О'Доннел нисколько не смутилась от этой реплики. Напротив, она улыбнулась, с легкостью принимая вызов.
— Мой интерес чисто профессиональный. Это моя работа — изучать убийства. Сейчас я просто хочу понять причины вашего интереса к Амальтее Лэнк.
— Два дня назад я не знала, кто моя мать. Теперь я пытаюсь примириться с правдой. Я пытаюсь понять…
— …кто вы есть? — тихо спросила О'Доннел.
Маура выдержала ее взгляд.
— Я знаю, кто я.
— Вы уверены? — О'Доннел наклонилась ближе. — Когда вы в секционном зале рассматриваете раны жертвы, описываете удары ножа убийцы, разве вы никогда не испытываете хотя бы намека на возбуждение?

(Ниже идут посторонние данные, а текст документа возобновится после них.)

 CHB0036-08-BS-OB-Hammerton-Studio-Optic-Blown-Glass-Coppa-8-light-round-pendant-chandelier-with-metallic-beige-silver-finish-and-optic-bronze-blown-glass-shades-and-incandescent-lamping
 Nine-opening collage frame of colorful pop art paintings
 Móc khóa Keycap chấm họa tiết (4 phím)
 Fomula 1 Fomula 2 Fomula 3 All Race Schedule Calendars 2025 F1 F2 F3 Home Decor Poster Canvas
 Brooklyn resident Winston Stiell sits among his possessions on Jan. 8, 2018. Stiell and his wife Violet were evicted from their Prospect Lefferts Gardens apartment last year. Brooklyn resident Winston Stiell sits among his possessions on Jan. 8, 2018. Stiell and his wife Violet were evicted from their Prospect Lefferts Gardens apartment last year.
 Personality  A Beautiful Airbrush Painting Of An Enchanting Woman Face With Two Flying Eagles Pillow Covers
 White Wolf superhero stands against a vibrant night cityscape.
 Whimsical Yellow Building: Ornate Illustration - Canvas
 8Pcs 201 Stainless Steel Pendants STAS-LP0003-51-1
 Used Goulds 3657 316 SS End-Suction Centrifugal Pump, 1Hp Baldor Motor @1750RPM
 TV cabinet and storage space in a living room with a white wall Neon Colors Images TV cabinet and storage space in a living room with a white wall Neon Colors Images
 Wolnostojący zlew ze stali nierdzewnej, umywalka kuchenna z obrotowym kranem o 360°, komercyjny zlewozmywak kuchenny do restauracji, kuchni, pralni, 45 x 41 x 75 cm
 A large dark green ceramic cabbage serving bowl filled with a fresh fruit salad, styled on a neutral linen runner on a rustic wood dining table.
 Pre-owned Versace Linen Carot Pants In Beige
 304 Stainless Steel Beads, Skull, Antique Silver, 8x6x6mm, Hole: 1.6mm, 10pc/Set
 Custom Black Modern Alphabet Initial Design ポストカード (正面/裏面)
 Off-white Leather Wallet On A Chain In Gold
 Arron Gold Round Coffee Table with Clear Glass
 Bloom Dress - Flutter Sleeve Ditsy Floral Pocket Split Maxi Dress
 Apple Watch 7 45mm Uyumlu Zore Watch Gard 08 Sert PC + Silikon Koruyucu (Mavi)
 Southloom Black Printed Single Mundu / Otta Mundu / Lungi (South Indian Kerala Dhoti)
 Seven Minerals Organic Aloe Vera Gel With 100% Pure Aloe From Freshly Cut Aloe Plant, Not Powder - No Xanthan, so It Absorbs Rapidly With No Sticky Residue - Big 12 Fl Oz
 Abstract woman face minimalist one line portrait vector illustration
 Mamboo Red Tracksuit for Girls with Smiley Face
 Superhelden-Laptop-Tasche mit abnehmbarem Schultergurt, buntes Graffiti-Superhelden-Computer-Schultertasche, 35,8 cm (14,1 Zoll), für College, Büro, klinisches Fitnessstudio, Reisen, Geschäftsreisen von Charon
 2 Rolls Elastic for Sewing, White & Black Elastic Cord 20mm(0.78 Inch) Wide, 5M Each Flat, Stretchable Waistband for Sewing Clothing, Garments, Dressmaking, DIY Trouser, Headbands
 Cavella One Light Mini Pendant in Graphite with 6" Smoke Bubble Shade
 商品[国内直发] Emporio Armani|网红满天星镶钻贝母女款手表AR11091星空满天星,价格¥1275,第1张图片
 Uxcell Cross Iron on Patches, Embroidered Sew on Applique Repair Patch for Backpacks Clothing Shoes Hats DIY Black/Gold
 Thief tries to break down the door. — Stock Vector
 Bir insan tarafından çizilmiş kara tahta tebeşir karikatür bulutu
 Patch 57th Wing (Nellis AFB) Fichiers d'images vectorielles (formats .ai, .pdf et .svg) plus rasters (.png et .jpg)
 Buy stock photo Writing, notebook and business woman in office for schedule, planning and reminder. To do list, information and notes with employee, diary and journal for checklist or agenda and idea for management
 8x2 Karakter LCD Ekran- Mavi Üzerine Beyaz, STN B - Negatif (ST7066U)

— С чего вы взяли, что я должна его испытывать?
— Вы ведь дочь Амальтеи.
— Я всего лишь биологическая случайность. Она не воспитывала меня.
О'Доннел вновь откинулась на спинку кресла и уставилась на гостью холодным оценивающим взглядом.
— Вам известно, что предрасположенность к насилию закладывается генетически? И многие наследуют ее?
Маура вспомнила, что говорила Риццоли о докторе О'Доннел: «Она не просто любопытна. Ей хочется знать, каково это — резать кожу и наблюдать, как жертва истекает кровью. Что значит наслаждаться бесконечной властью. Она жаждет подробностей, как вампир жаждет крови». Теперь Маура и сама видела этот жадный блеск в глазах О'Доннел. «Эта женщина получает удовольствие от общения со злодеями, — подумала Маура. — Надеется, что и я из их числа».
— Я пришла поговорить об Амальтее, — напомнила Маура.
— А разве не ее мы сейчас обсуждаем?
— Во Фрэмингэме нам сказали, что вы навещали ее как минимум десять раз. Почему так часто? Ясно же, что не ради ее блага.
— Амальтея интересует меня как ученого. Я хочу понять, что заставляет человека убивать. Почему это доставляет удовольствие.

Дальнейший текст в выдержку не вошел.